Dimenticate le atmosfere fiabesche, per quanto cupe e crude, de Il Racconto dei Racconti uscito esattamente tre anni fa ispirato alle favole nere di Basile: in Dogman, il nuovo film di Matteo Garrone appena presentato e applaudito a Cannes 2018 come secondo film italiano in concorso per la Palma d’Oro e in sala con 01 da oggi, giovedì 17 maggio, stesso giorno della presentazione alla stampa in Italia, tutto è drammaticamente reale, dalle atmosfere grigie di una periferia che tuttavia a tratti pare dipinta al fatto cruciale di cronaca supernera che risale al 18 febbraio 1988, al quale però Dogman è soltanto liberamente ispirato. E ci tiene a dirlo Matteo Garrone spiegando che quella che ha voluto raccontare è una storia di riscatto e che dal fattaccio di trent’anni fa alla Magliana ha solo preso spunto per estrapolarne un personaggio di cui raccontare il viaggio in una terra definita di frontiera. Anche la location non è quella originale: il film è stato infatti girato al Villaggio Coppola di Castel Volturno, nel casertano, luogo amato dal regista romano già usato per L’imbalsamatore e per alcune scene di Gomorra.

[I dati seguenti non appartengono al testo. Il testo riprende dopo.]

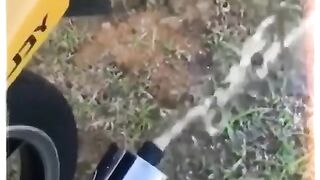 Because of children playing with water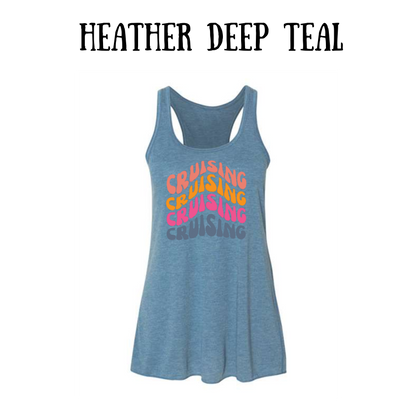 VP - Cruising, Cruising - Women's Flowy Racerback Tank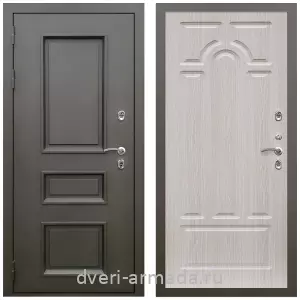 Тамбурные двери, Дверь входная уличная в дом Армада Фаренгейт / МДФ 6 мм ФЛ-58 Дуб беленый для загородного дома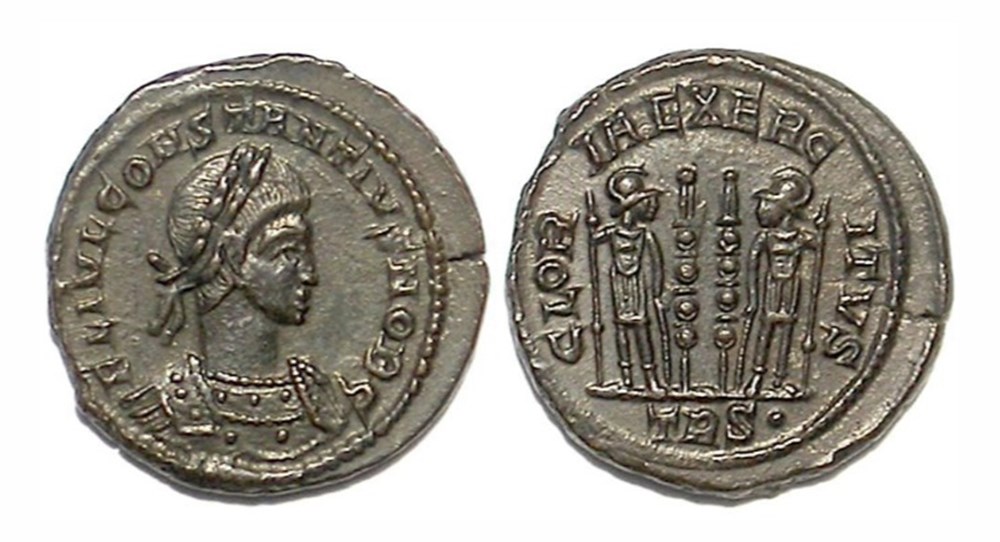 Trier - GLORIAE EXERCITVS munzen antike bis trier gloriae exercitvs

Il personaggio in questione è Marcello, interpretato da Marcello Fonte (La mafia uccide solo d’estate La serie, Io sono tempesta), attore calabrese che tanto ricorda nell’aspetto e nelle espressioni il giovane Carlo Delle Piane, uomo minuto e mite, titolare di un negozio che come scritto sull’insegna si chiama Dogman dove si occupa di tolettatura di cani, animali che ama moltissimo e che sa trattare con una sicurezza e una tenerezza che mai potresti immaginarlo capace di qualunque tipo di violenza. Marcello è benvoluto dalla popolazione del quertiere dove vive e lavora, anche dal titolare del bar un po’ così (Francesco Acquaroli, il Samurai di Suburra La serie) e dal proprietario del Compro Oro adiacente al suo negozio (Adamo Dionisi, il boss zingaro di Suburra), non troppo amato amato dalla moglie dalla quale è separato ma con cui ha mantenuto ottimi rapporti, tanto invece dalla figlia di nove anni Alida (Alida Baldari Calabria) con cui viaggia spesso in posti dove vale la pena fare immersioni, che sono i suoi momenti davvero felici. Certo non è un santo: spaccia un po’ di cocaina, ma la dà soltanto al suo amico Simoncino, un tizio davvero poco raccomandabile che a dispetto del nome è grande, grosso e cattivo, con la classica faccia segnata da ex pugile qual è, sotto la quale si nasconde un bravissimo Edoardo Pesce. In realtà chiamarla amicizia è una forzatura: Marcello più che altro ammira Simoncino in quanto uomo duro e forte, come lui è sicuro che non potrà mai essere, e allo stesso tempo teme la sua violenza di cui è spesso vittima, eppure ne ha bisogno, lo asseconda e lo difende, e va pure in galera al posto suo. Poi però, quando diventa troppo, la mutazione si compie. Marcello tornerà subito dopo ciò che era, tornerà a ricercare consenso e affetto dai suoi “amici”, mostrando l’efferatezza compiuta quasi come un sacrificio fatto in loro onore e in nome della pace del quartiere, ma si può tornare indietro? Non pensate tuttavia di trovarvi davanti a un horror splatter: la violenza, che comunque non manca, come sottolina lo stesso Garrone è soprattutto psicologica. E alcune scene con i cani sono davvero delicate e strappano sorrisi.
Marcello ha il suo alter ego nella realtà in Pietro De Negri, detto er Canaro della Magliana, un tolettatore per cani che un giorno perde un po’ le staffe e uccide dopo ore di torture il pugile dilettante Giancarlo Ricci. La madre di quest’ultimo, quella vera, Vincenzina Ricci, ha chiesto il ritiro dalle sale di Dogman che darebbe di suo figlio un’immagine non vera, cioè quella di un criminale cocainomane. Vedremo. Intanto Matteo Garrone annuncia che quasi sicuramente realizzerà un suo progetto cui pensa da tempo e che lo farà tornare alle favole: Pinocchio.